The program of this type that has had the most success so far is called career academies, in which students organize into small learning communities to participate in academic and technical education for three or four years during high school. Perhaps the most important aspect of the program is the opportunity students have to gain several years of experience with local employers who provide career-specific learning experiences. An eight-year follow-up of young adults who had participated in career academies showed limited effects on young women but major effects on young men. Young men who had been in the program were about 33% more likely to be married, were about 30% more likely to live with their partners and their children, and earned about $30,000 more over the eight years than the men in the randomized control groups. Expanding the reach of career academies, especially in high-poverty areas, would be a wise investment.

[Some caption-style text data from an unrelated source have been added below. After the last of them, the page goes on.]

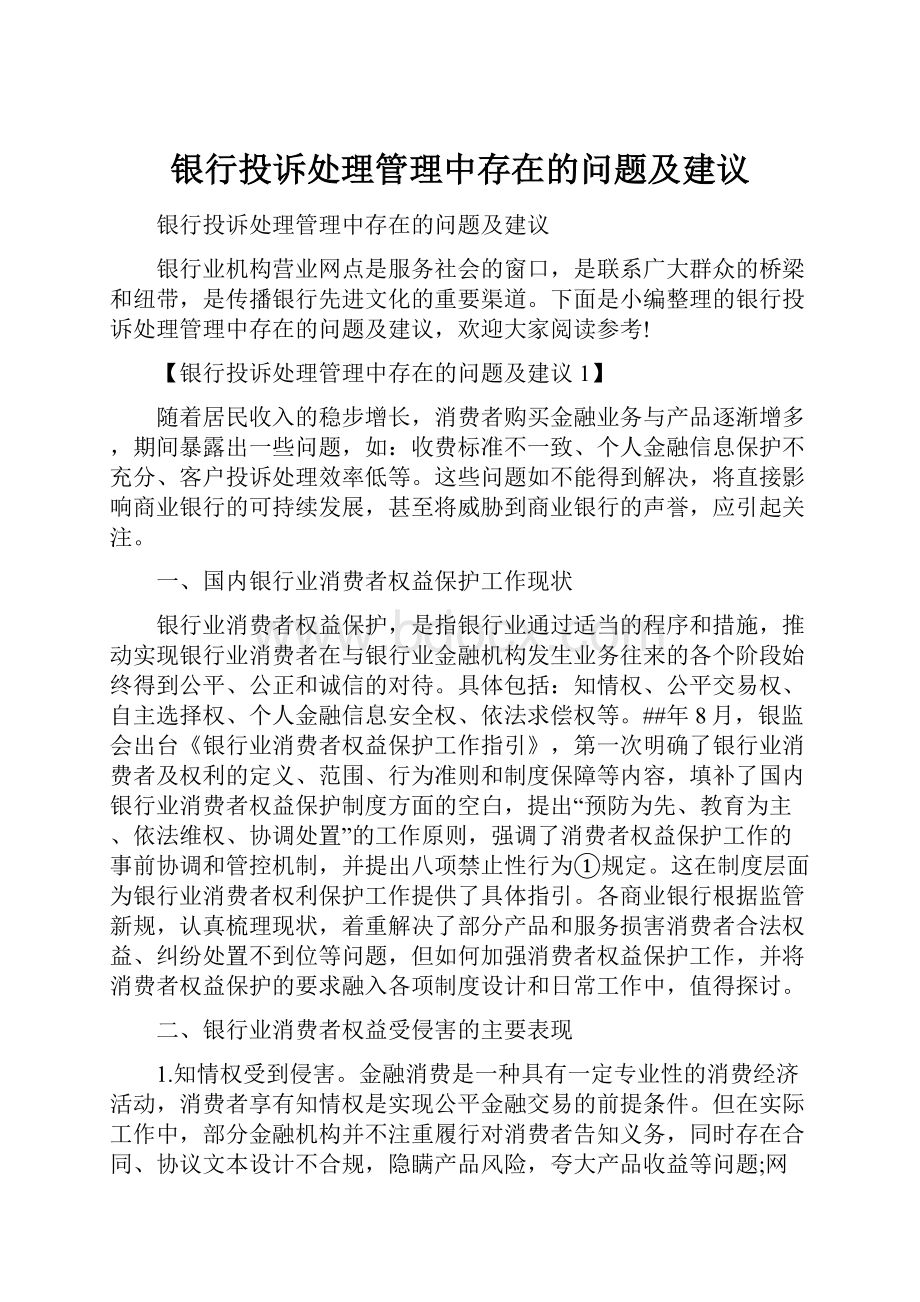 银行投诉处理管理中存在的问题及建议.docx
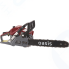Пила цепная бензиновая OASIS GS-5618 (С)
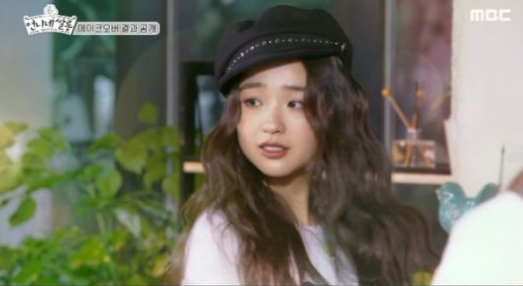  손연재 '언니네 쌀롱' 메이크오버로 프렌치 시크걸 변신 성공 [종합]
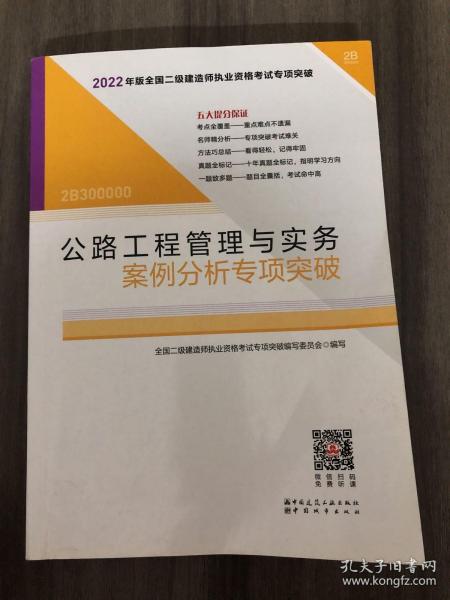 2022年二建公路工程管理与实务-案例分析专项突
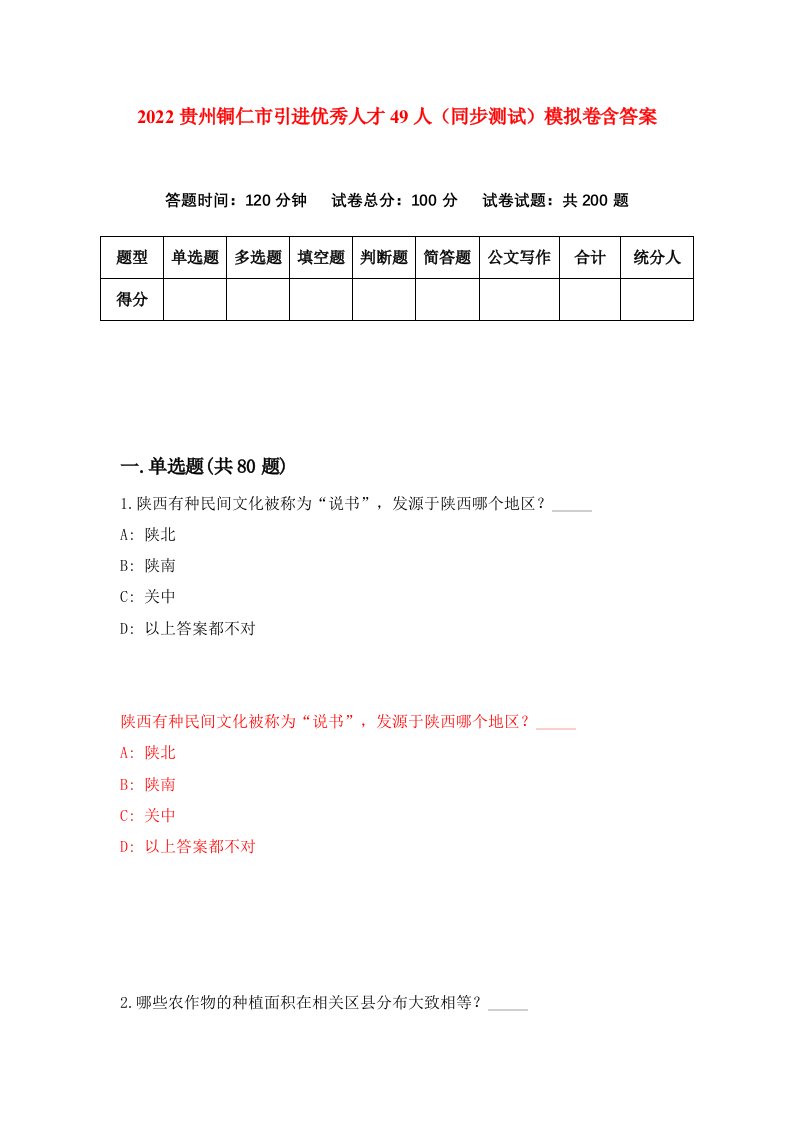 2022贵州铜仁市引进优秀人才49人同步测试模拟卷含答案9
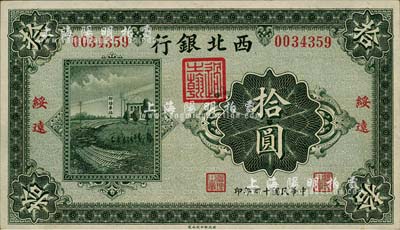 民國十四年（1925年）西北銀行單色版拾圓，綏遠地名，森本勇先生藏品，九至九五成新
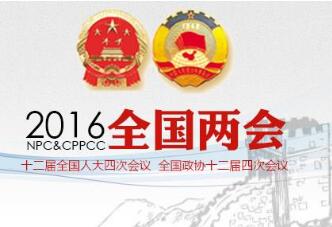 聚焦两会:代表们都关心车界哪些事
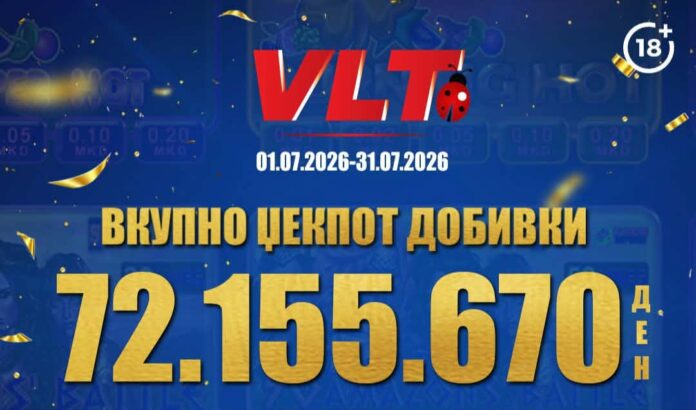 VLT T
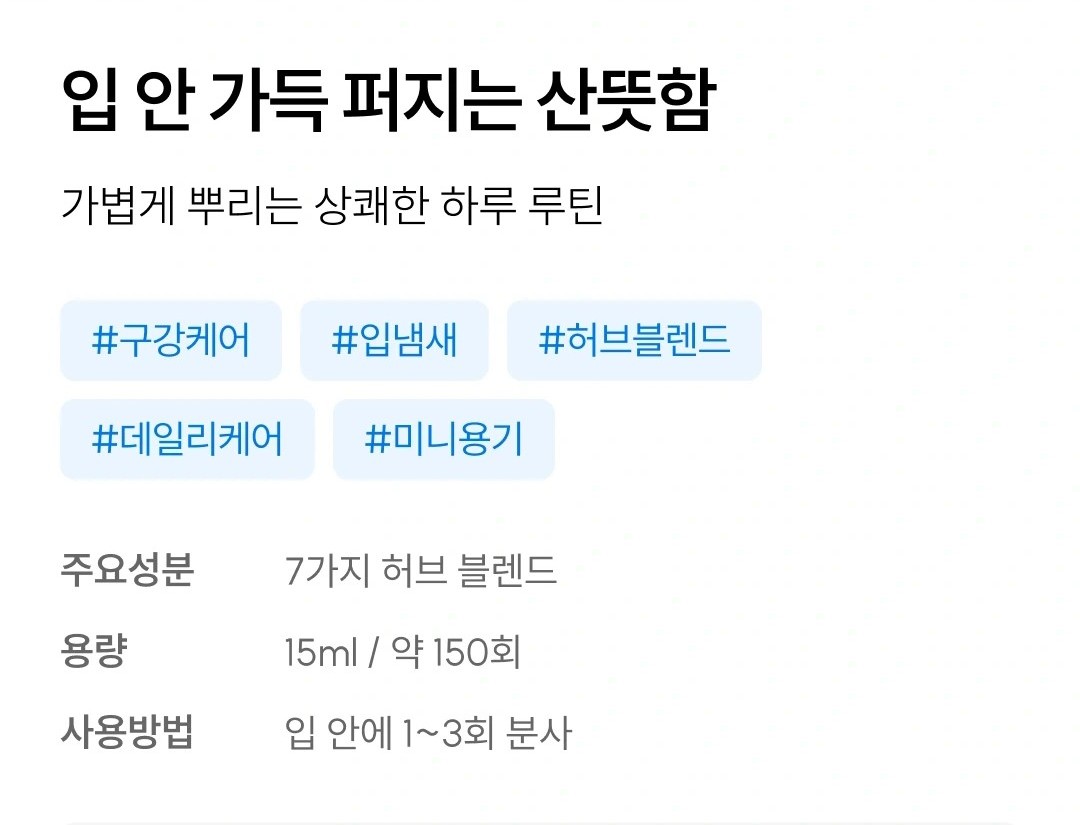 와이즐리 구강 스프레이 15ml, 3개 - 상세 이미지 3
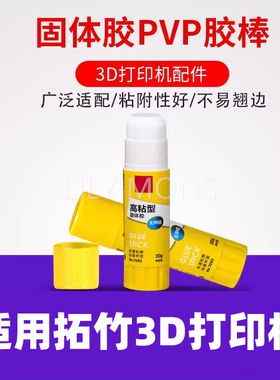 适用拓竹3D打印机配件固体胶棒 防翘边固体胶水溶性PVP胶棒冷打防翘边胶棒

He lists other ideas, including extending the Earned Income Tax Credit to single parents.
Is what we are doing working? Are not all the other graphs in that essay exactly some people were worried about? Or is the point of all solutions to make their ostensible problems worse?
For education in particular, comparing what we actually do to what I could rattle off in 10 minutes, I’m nearly convinced the role of education is to keep people out of work and minimize their bargaining power and at best is simply geared towards keeping warehousing costs low. I’m not quite yet convinced the aggregate misery is an explicit objective, but I was just imagining how one must try a job for 5 years or so just to figure it isn’t for them. That is after 6 months to match up with a job. This is after two decades of education. By then one is almost burnt out.